How will be Bible Society of the West Indies go about addressing this issue? Can we learn anything from other translation projects? – for certainly, there is nothing new under the sun. It is important that a solid research project be undertaken in order to ascertain the distinctions which exists, so that the Society can address the issue intelligently and make allowance for me and my fellow “rural people” who “need to hear God’s Word in their own language too.”


Ron said...

The comment about the hegemony of Kingston and the translation of the Bible into Jamaican Creole is perceptive, pertinent and interesting and one we first addressed seven or eight years ago. What about the other Jamaican dialects? And what about those spoken in Belize, Bocas del Toro, San Andrés, etc. It might be illuminating to see how other major translations have dealt with this same issue. The King James was translated into the language of contemporary southern England. It clearly was not translated in US southern English, nor Australian English (both chronological impossibilities), nor Irish English. Yet that translation has blessed and been used by countless generations of English-speaking people around the world, nearly all of whom spoke dialects quite different from that of King James.

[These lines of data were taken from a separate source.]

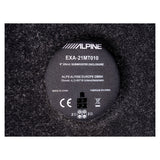 Box subwoofer Alpine SWC-W84S907 per Sprinter 907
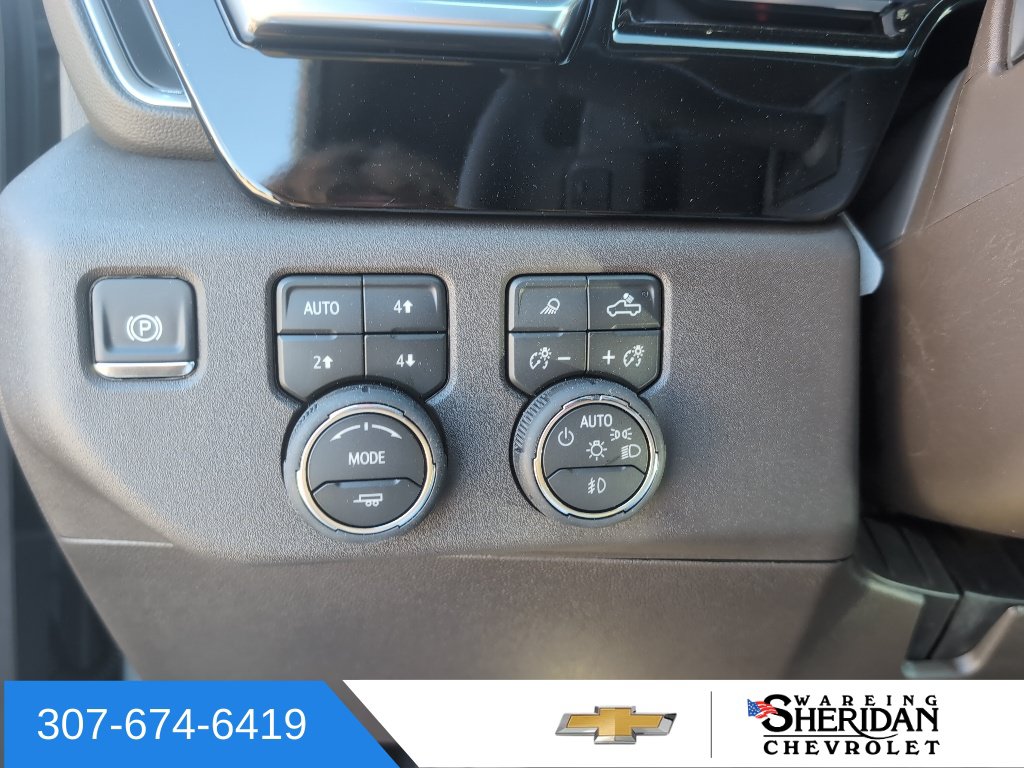 New 2026 Chevrolet Silverado 1500 RST w/ All Star Edition Plus AWD/4WD image 23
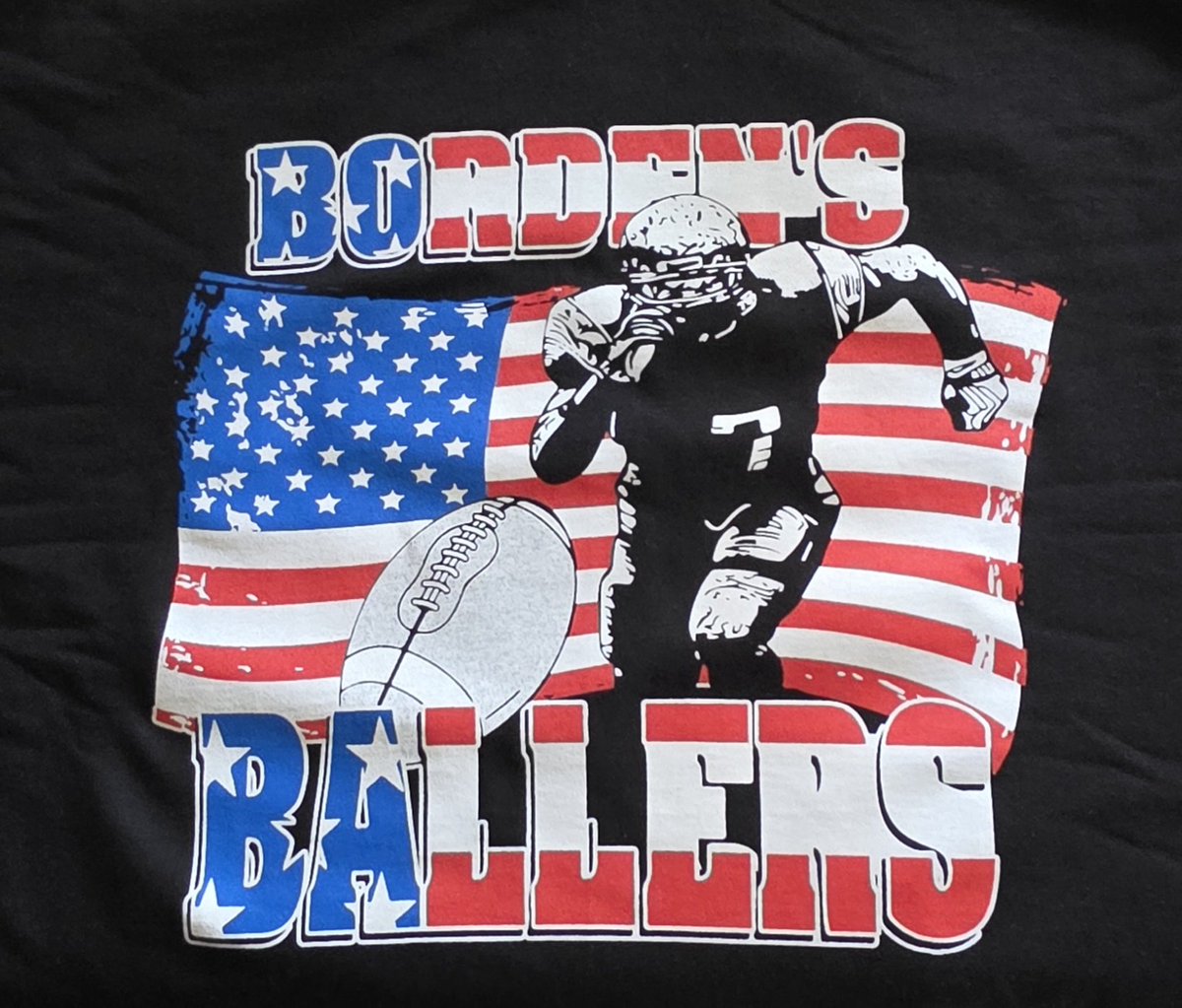 Marcus A. Borden tweet media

The Good News Bible, translated in the 20th century, was done into general American English, not into rural American English. A British version was produced later, but most of the changes were orthographic. No effort was made to accommodate the dialects of Birmingham, Cardiff, Sunderland or Edinburgh. Yet it is read and used by people in all of those areas.

To attempt to adapt a translation to specific areas of a country is a practically impossible task. In the first place, how what could it be done other than producing a version for each dialect? More importantly, dialects are not discrete entities each separate and distinct from the neighboring varieties. Rather, they blend seamlessly one into another without clear-cut boundaries. In other words, dialects tend to be arrayed along a continuum, and, in that sense, are nearly impossible to define and delimit.

What translators and translation projects have done is to select a widely used standard variety of the language, or, lacking that, the most prestigious member of a family of dialects. In the case of Creoles, it could be argued that there exist no standard varieties because Creoles typically have not been allowed to participate in the standardization process. In the Jamaica, for instance, English has been the standard language form. However, now for almost the first time Creole is being given the opportunity to be used in a serious domain (Scripture translation). Some variety will have to be chosen for this, and it can be argued that it makes sense to choose the variety spoken in the major (capital) city. Indeed, it is very difficult to raise a rural variety to the level of “standard”. In fact, in earlier discussions of this topic, some Jamaicans have expressed the view that a translation of the Bible into rural Jamaican would come across as “country bumpkinish” to most Creole speakers. This is would only exacerbate the strident opposition to project arising from the unfounded notion that for some reason Creole is an unworthy vehicle of Scripture.

Ronald Ross
UBS consultant for Creole project

Bertram Corner said...

Ron, thanks for responding. I agree that the best way to address the issue and therefore make allowance for rural and urban Jamaica is to "select a widely used standard variety of the language."